WHAT IS BEING ASKED =
In your copy, include every line of the records exactly and no picture at all.
++++++
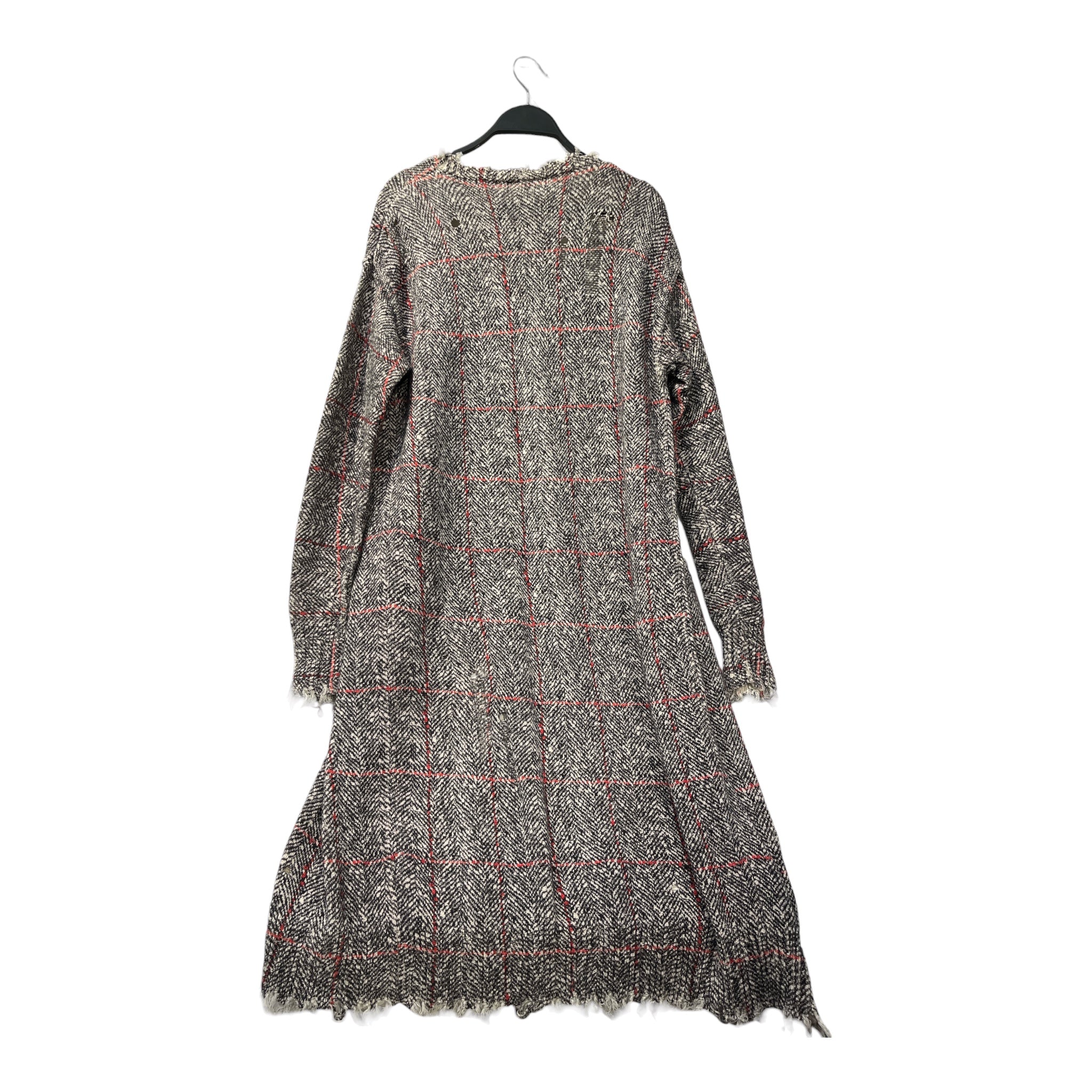 R13/Cardigan/XS/Cotton/MLT/TWEED DISTRESSED LONG CARDIGAN view 2
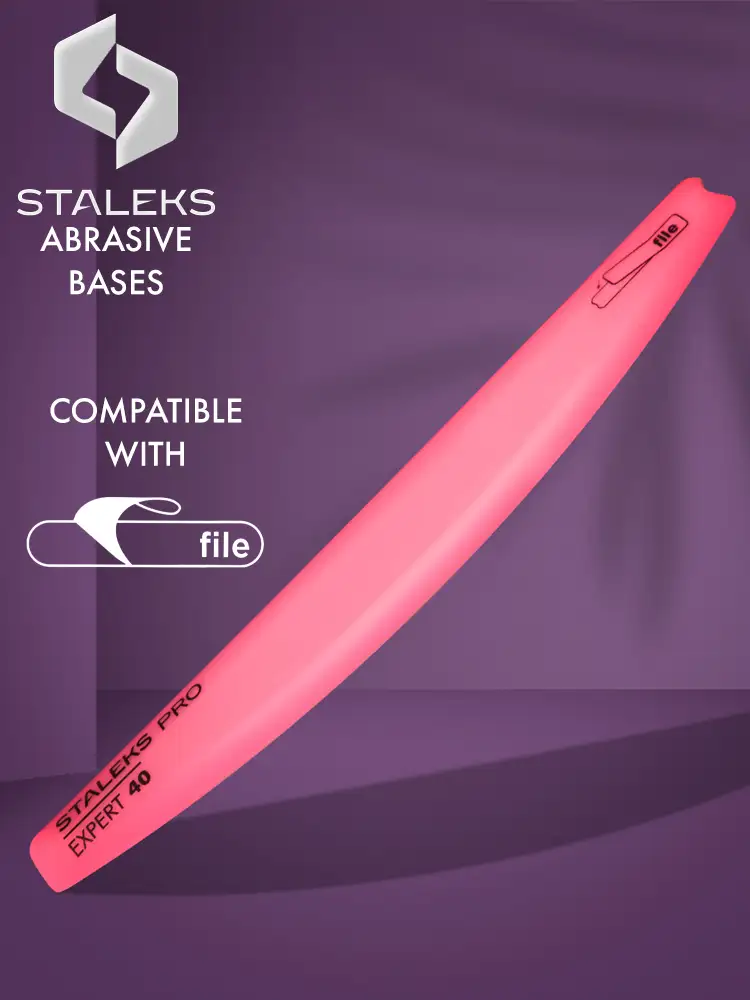 Base en plastique Staleks PRO en forme de croissant incliné pour lime à ongles Expert 40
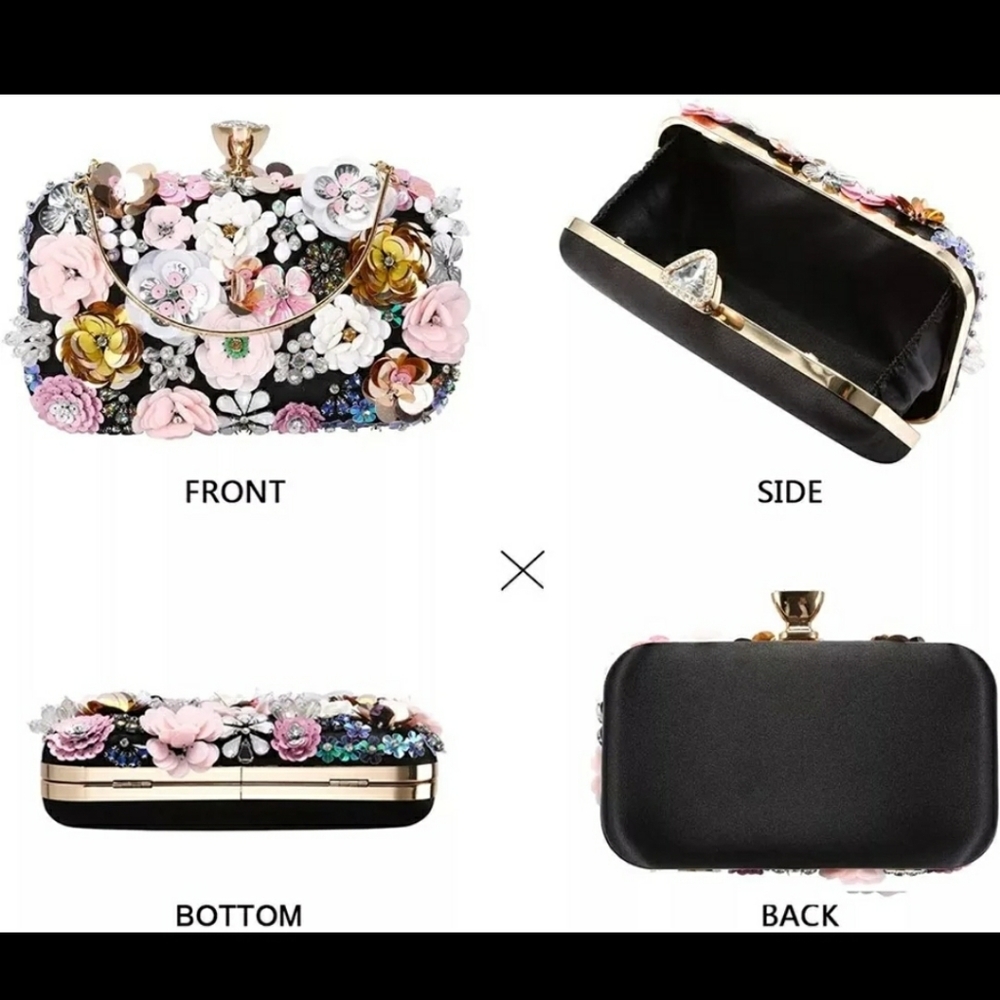 Women's Evening Bag Flower Party Prom Clutch Purse Floral Bride Black Handbag - Picture 5 of 16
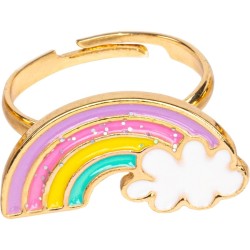 Set di 3 anelli arcobaleno / cuore / fiori. n1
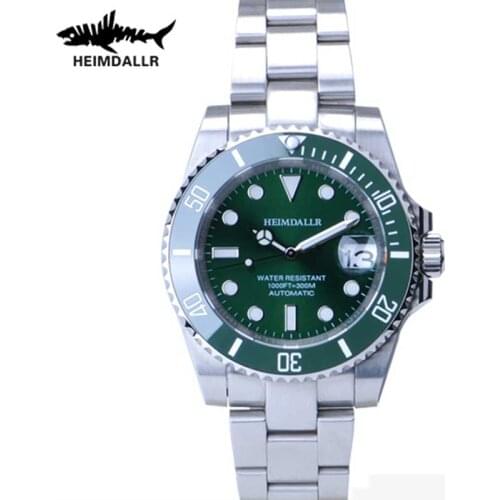 HEIMDALLR Automatic Watch NH35 Sapphire Mechanical Dive Watches Men 300m Waterproof Watch Men C3 Super Luminous Wristwatch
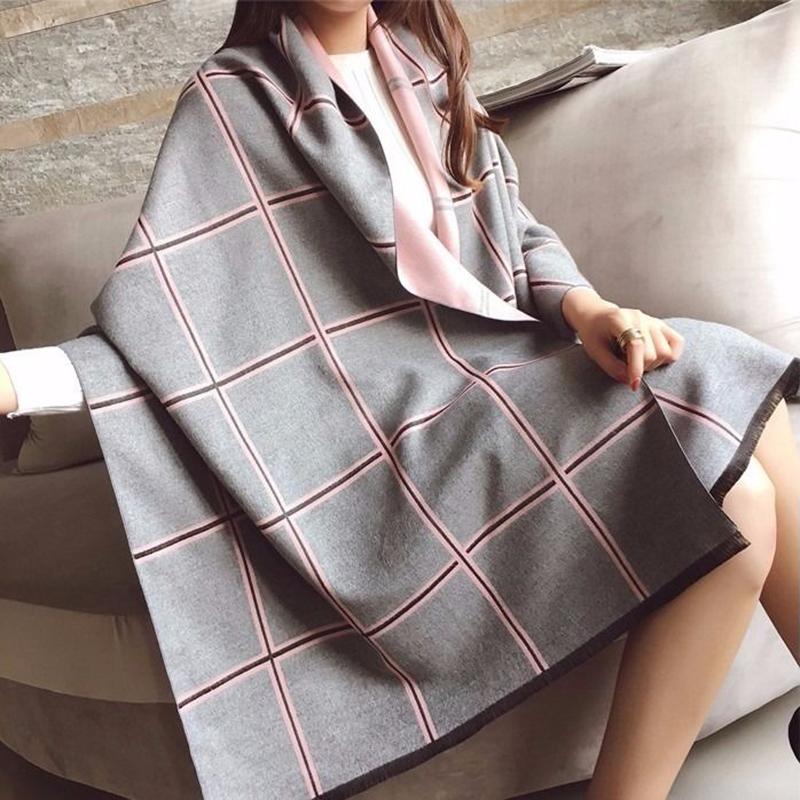 Scarf Women Winter All-match Thickened Air-conditioned Room To Keep Warm Super Large Imitation Cashmere Shawl Dual-use Double-sided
++++++
RESULT FOR THIS EXERCISE =
 R13/Cardigan/XS/Cotton/MLT/TWEED DISTRESSED LONG CARDIGAN view 2
 Base en plastique Staleks PRO en forme de croissant incliné pour lime à ongles Expert 40
 Women's Evening Bag Flower Party Prom Clutch Purse Floral Bride Black Handbag - Picture 5 of 16
 Set di 3 anelli arcobaleno / cuore / fiori. n1
 HEIMDALLR Automatic Watch NH35 Sapphire Mechanical Dive Watches Men 300m Waterproof Watch Men C3 Super Luminous Wristwatch
 Scarf Women Winter All-match Thickened Air-conditioned Room To Keep Warm Super Large Imitation Cashmere Shawl Dual-use Double-sided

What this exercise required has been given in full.